Escalate and Get Another Pair of Eyeballs
The beauty of working with a team is that you have more eyeballs to look at these kinds of issues. There is truly power in numbers and it’s likely that someone else will see or try something you haven’t thought of, especially in a stressful moment of troubleshooting when the pressure is on
I reached out to a team member and described all the information I had about what was happening, and then it happened…
The First Solid Clue
My colleague immediately enabled Debug Mode in WordPress and was able to see some “500 Server Unavailable” errors in relation to an AWeber plugin installed on the site.
In retrospect, Debug Mode is probably one of the first things I should have tried. Duh!
The Two Culprits
Now that we knew it was related to an AWeber plugin, we deactivated it and were immediately able to log back into the admin side of the site and the mysterious Purchase and Add to Cart link errors had disappeared.

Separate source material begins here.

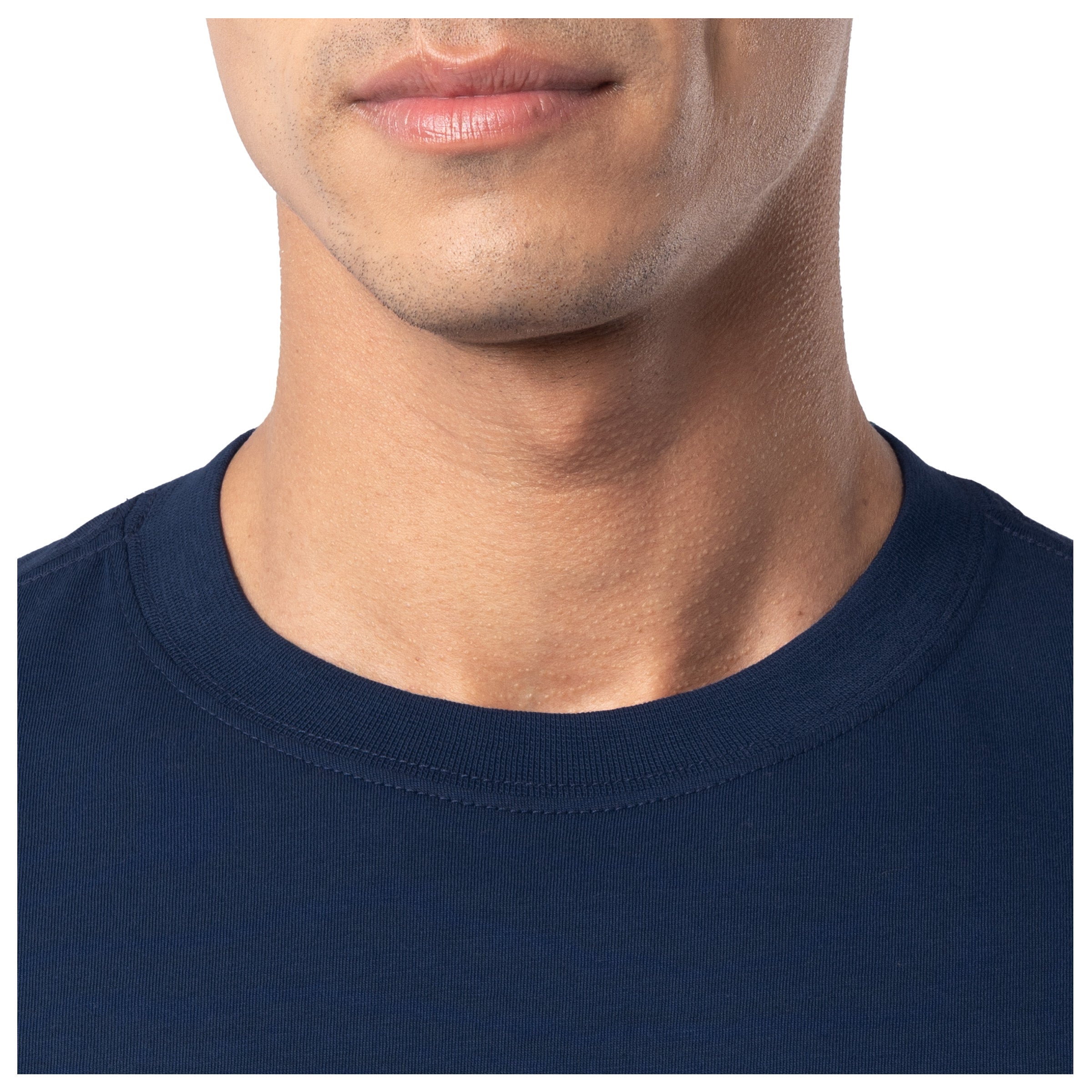 Close-up of a person wearing a navy blue shirt with a plain background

Yes, but not without continuing questions.
This plugin had been enabled and working fine for almost two years. Why was it causing a conflict all of a sudden?
On a hunch, and knowing that this plugin was dependent on the AWeber API, I decided to look at the AWeber service a bit closer by loading their site and also looking at their Twitter account and status blog.
Are you ready for the punchline? Can you guess what I found?
Yep. The AWeber service was completely down and they were reporting an extensive DDoS attack.
So in short, because the AWeber service (and thus their API) was down due to the attack, the AWeber plugin they were using couldn’t communicate with the AWeber server (the “500 Sever Unavailable” message) and that was causing the whole issue.